21 December 2012

Books we've loved reading in 2012

The National Year of Reading has been filled with discussions about books and reading, and we'd like to finish the year off by sharing s few of the many books enjoyed by Libraries ACT staff in 2012. Some are new titles, and some old favourites - all are worth taking a look.

Happy reading.

  • The Statistical Probability of Love at First Sight - Jennifer E. Smith. American girl misses her plane and meets British boy at an airport.

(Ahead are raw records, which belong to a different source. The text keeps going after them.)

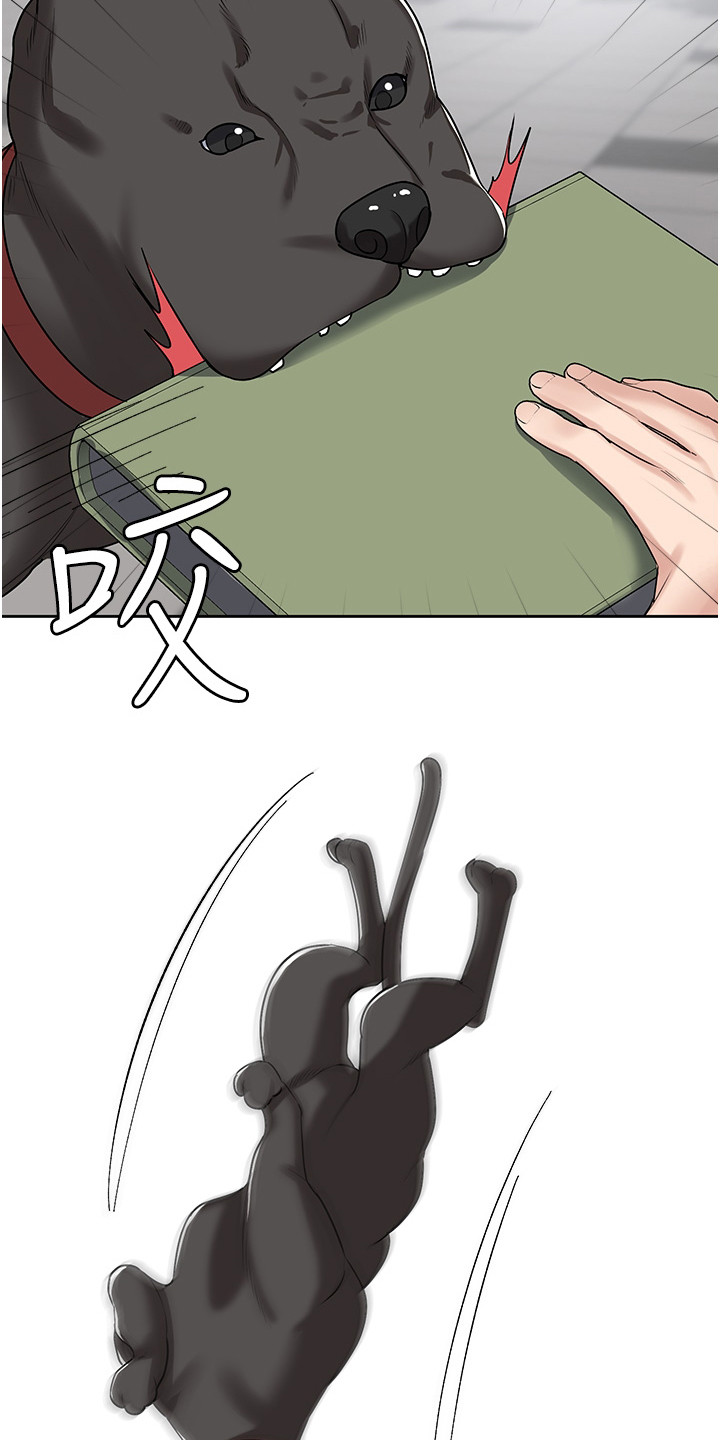 第10章：死不松口9
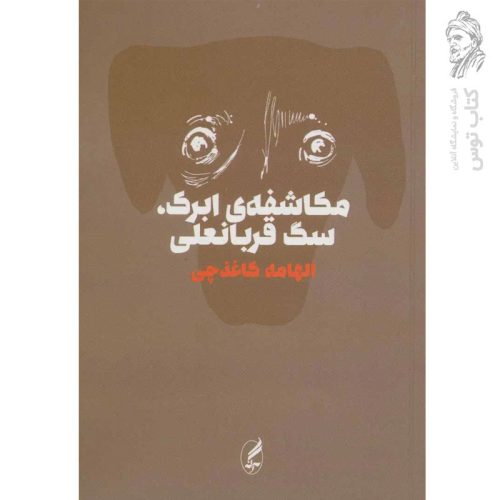 کتاب مکاشفه ی ابرک سگ قربانعلی اثر الهامه کاغذچی نشر آگه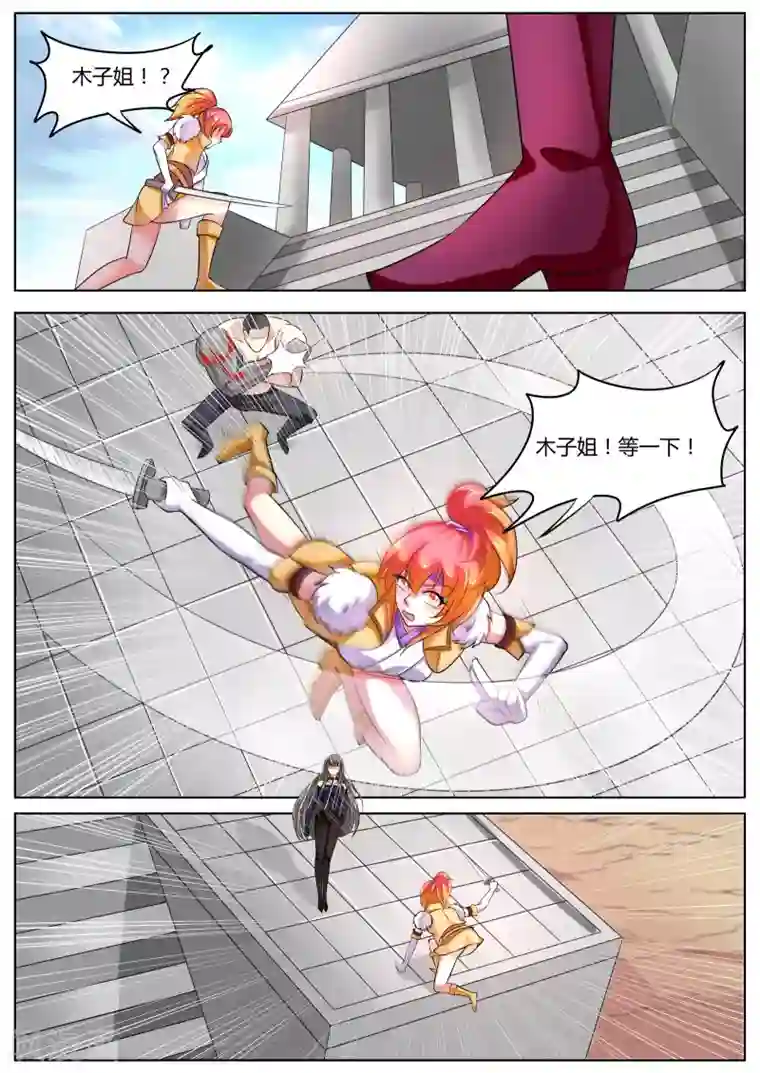 西行乘风录第43话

Their connection over the course of an international flight ends when they reach London, or does it?
  • Quiet: The Power of Introverts In A World That Can't Stop Talking - Susan Cain. Discusses the nature of introverts, the differences between introverts and extroverts, how our culture can impede or empower introverts, and the stories of ‘successful’ introverts like Dale Carnegie, Vincent Van Gogh, JK Rowling.
  • Drink, Smoke, Pass Out - By Judith Lucy. Second volume of her memoirs (following on from The Lucy Family Alphabet) in which she “reviews the major paths of her life and, alarmingly, finds herself on a journey.”
  • I Want My Hat Back - Jon Klassen. Wonderfully illustrated and humorous picture book about a bear who loses his hat and asks a succession of animals whether they have seen it.
  • Cold Comfort Farm - Stella Gibbons. Published in the 1930s, the story of a family and their workers on a farm in Sussex.
  • The Maze Runner - James Dashner. First book in a young adult dystopian sci-fi series where a group of kids are stuck in a place called The Glade which is surrounded by a maze.
  • Song of Achilles - Madeline Miller. This novelisation of the Trojan War – complete with battles and love story - won the 2012 Orange Prize for Fiction.
  • The Cat’s Table - Michael Ondaatje. This story of a young boy travelling to England in the 1950s is described as “a spellbinding story about the magical, often forbidden, discoveries of childhood, and a lifelong journey that begins unexpectedly with a spectacular sea voyage.”
  • The Sisters Brothers - Patrick de Witt. Sisters is the family name of brothers, Charlie and Eli, who feature as henchman in a story of the ‘Old West’.
  • The Hare With the Amber Eyes - Edmund de Waal. Award-winning memoir which tells the story of a once wealthy European Jewish family, and their collection of Japanese netsuke miniature sculptures.
  • Dreaming in Colour - Kaffe Fassett. Autobiography of textile designer Kaffe Fassett, whose one-person show featured at the Victoria and Albert Museum in London.
  • Jamie: King of the Kitchen: The Man Who Revolutionised the Way Britain Eats - Stafford Hildred. Biography of celebrity chef and nutrition campaigner, Jamie Oliver.
  • Knitting: Fashion, Industry, Craft - Sandy Black. A history of knitting, not a book of patterns, which traces the development of knitting through domestic handcraft to high-end fashion.
  • The Phryne Fisher Mysteries - Kerry Greenwood. Australian series featuring the 1920s detective and her friends and enemies.
  • Agatha Raisin series - M.C.Beaton. Retiring early from her job in public relations, Agatha Raisin moves to lives in a little village in the English Cotswolds where she finds herself becoming an amateur detective.
  • The King’s Daughter - Christie Dickason. Historical novel about Elizabeth, the eldest daughter of James VI, King of Scotland, England and Ireland, and Anne of Denmark. Life in the Jacobean court is fraught with political and personal conflict.
  • Pillars of the Earth - Ken Follett. In England in the 12th century, a cathedral is built amidst the turmoil of political unrest.
  • The Key - Simon Toyne. Book 2 in a trilogy. Journalist Liv is caught up in “events that defy explanation and hunted by someone she believes might be trying to kill her.”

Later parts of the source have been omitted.